Problem statement. In this exercise, the entries below include pictures. Repeat exactly the lines from the line with "孔雀魚繁殖期需要哪些營養，孔" to the line with "Blue-Flowering Edibles, Spiderwort - Chicory", including both, but without the pictures.

Supplied data.
++++++++++
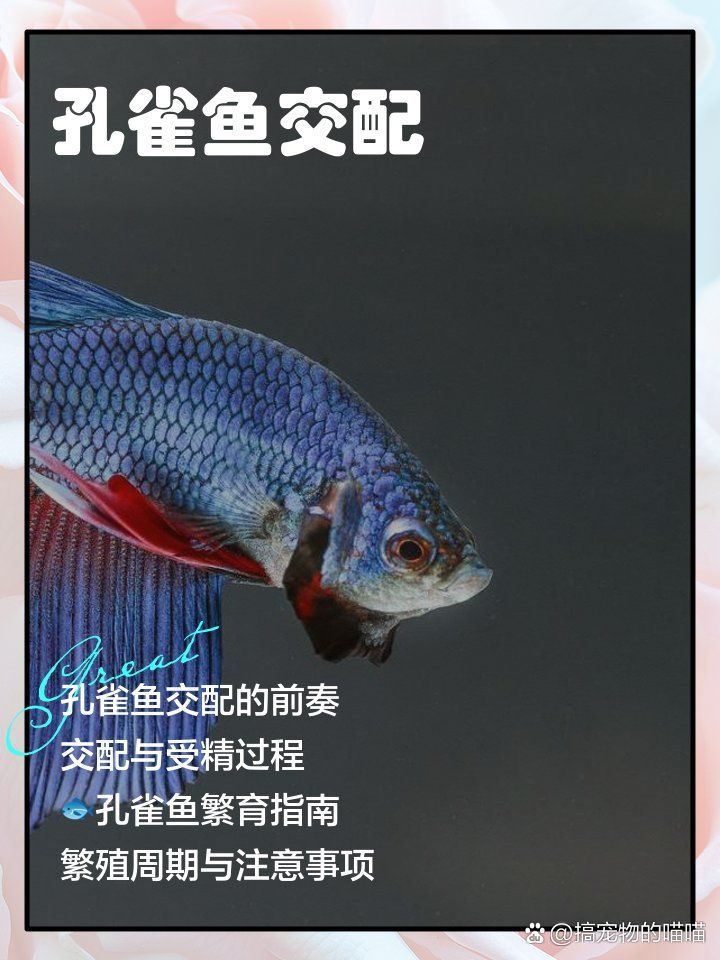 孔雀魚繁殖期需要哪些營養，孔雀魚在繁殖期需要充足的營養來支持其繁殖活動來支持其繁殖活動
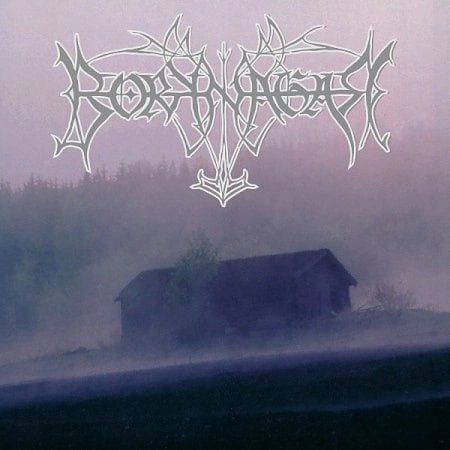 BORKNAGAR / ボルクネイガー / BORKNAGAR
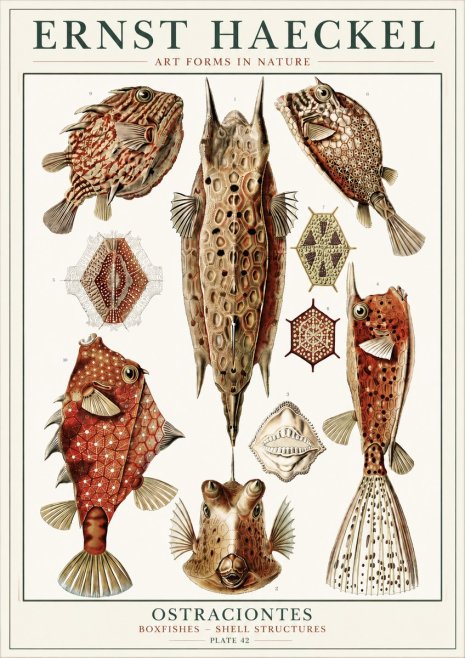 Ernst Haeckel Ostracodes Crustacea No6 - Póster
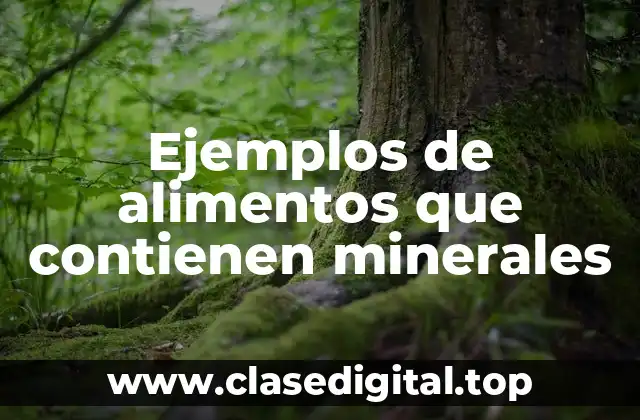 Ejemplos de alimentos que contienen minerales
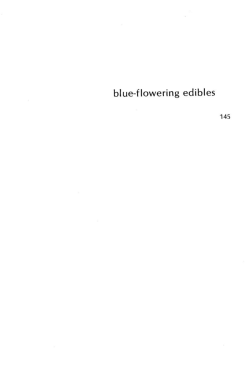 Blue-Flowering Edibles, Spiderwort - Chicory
++++++++++
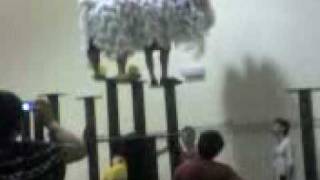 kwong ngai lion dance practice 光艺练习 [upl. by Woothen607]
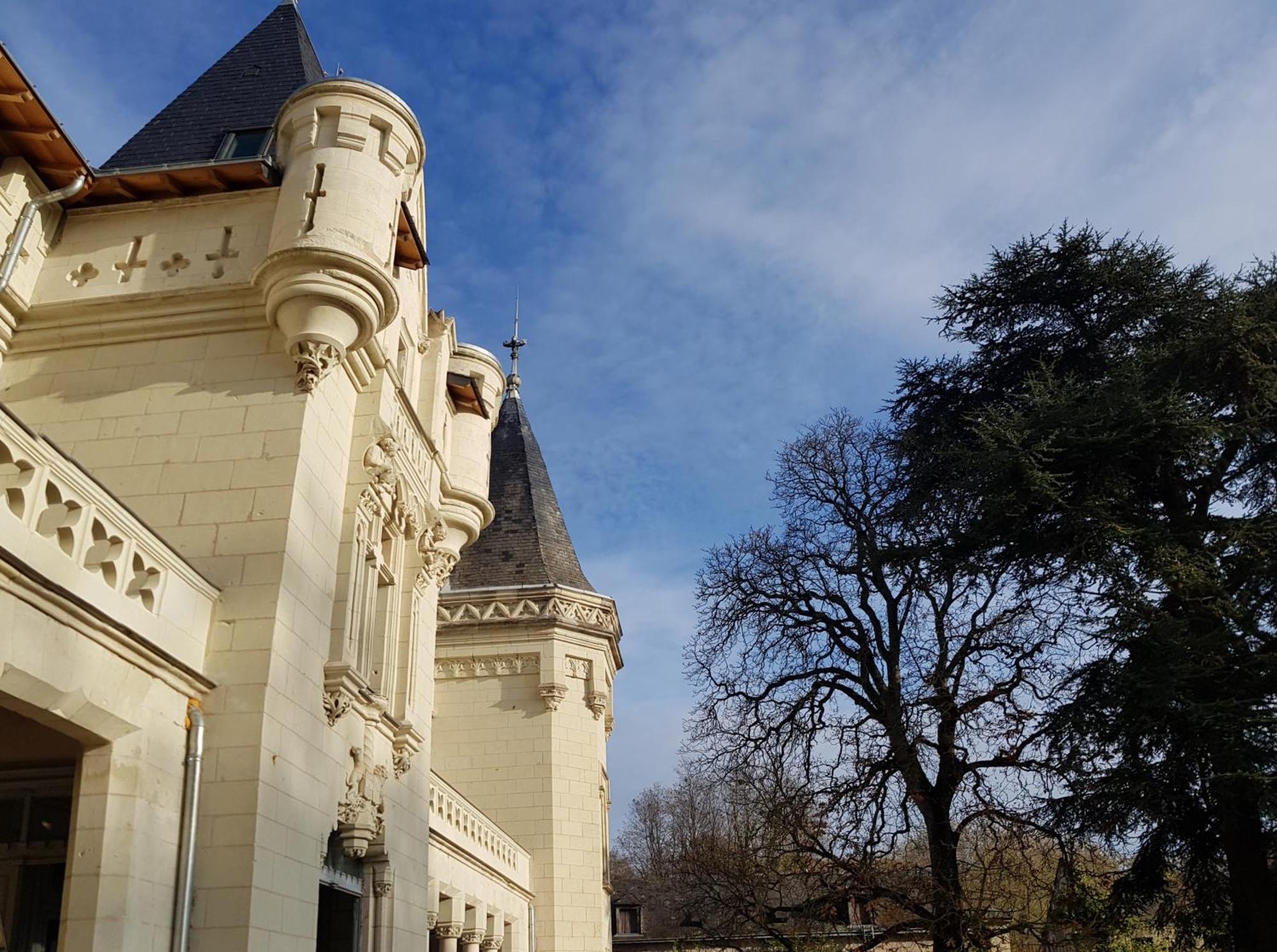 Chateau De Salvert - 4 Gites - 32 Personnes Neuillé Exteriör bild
++++++++++
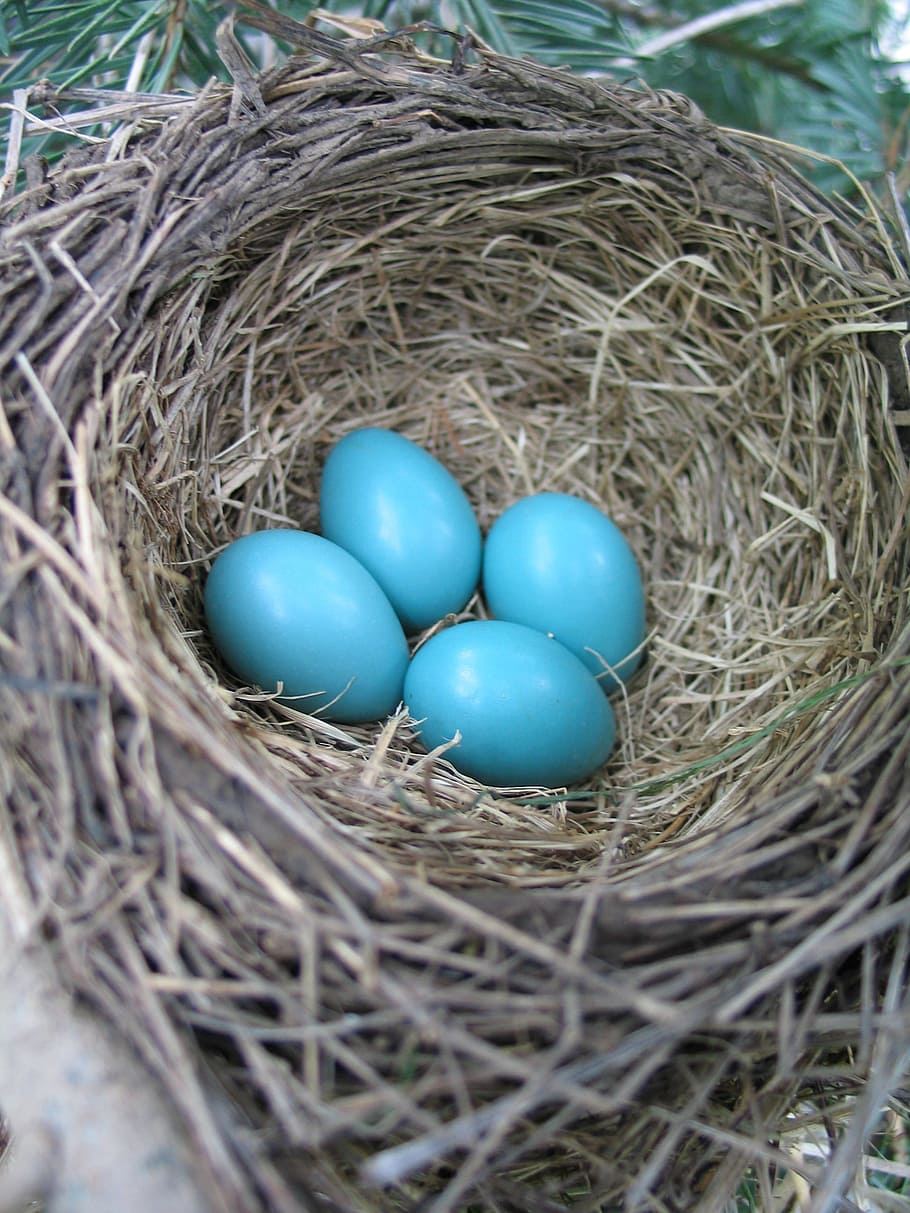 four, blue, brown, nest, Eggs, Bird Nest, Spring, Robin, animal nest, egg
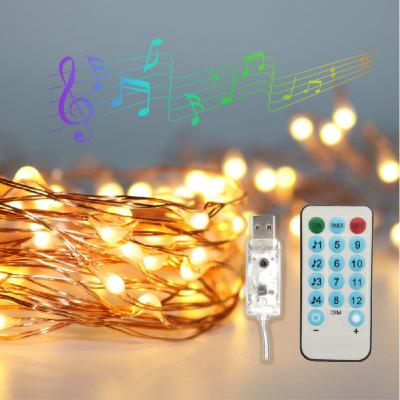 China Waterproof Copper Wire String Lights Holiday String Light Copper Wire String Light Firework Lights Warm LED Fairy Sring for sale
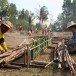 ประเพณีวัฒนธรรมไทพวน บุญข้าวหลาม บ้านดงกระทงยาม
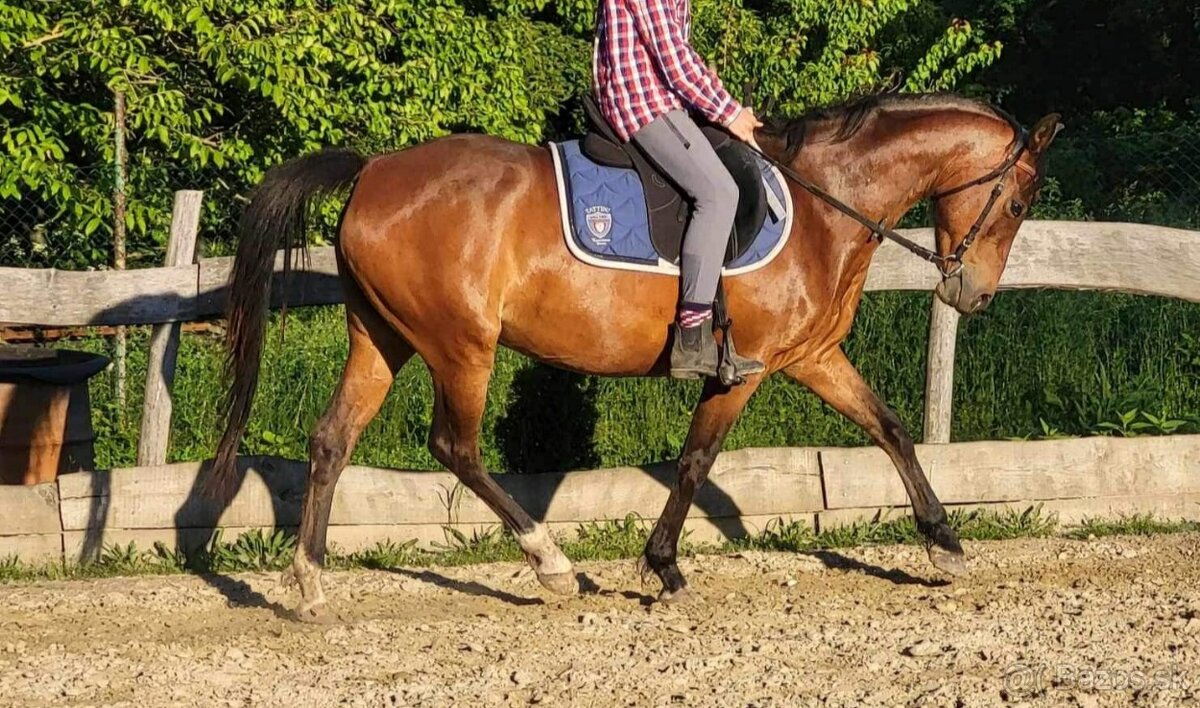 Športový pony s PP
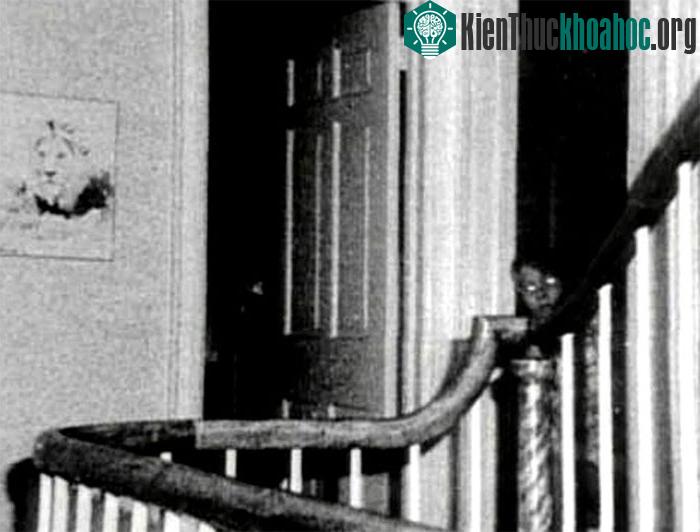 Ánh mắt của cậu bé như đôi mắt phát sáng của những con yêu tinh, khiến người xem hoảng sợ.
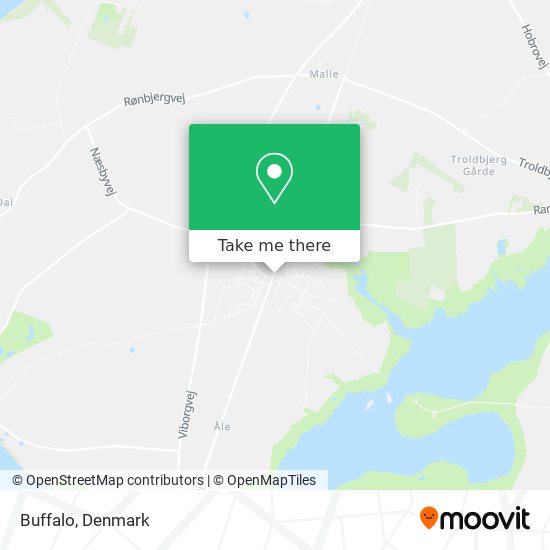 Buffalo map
++++++++++
Answer to the problem.
 孔雀魚繁殖期需要哪些營養，孔雀魚在繁殖期需要充足的營養來支持其繁殖活動來支持其繁殖活動
 BORKNAGAR / ボルクネイガー / BORKNAGAR
 Ernst Haeckel Ostracodes Crustacea No6 - Póster
 Ejemplos de alimentos que contienen minerales
 Blue-Flowering Edibles, Spiderwort - Chicory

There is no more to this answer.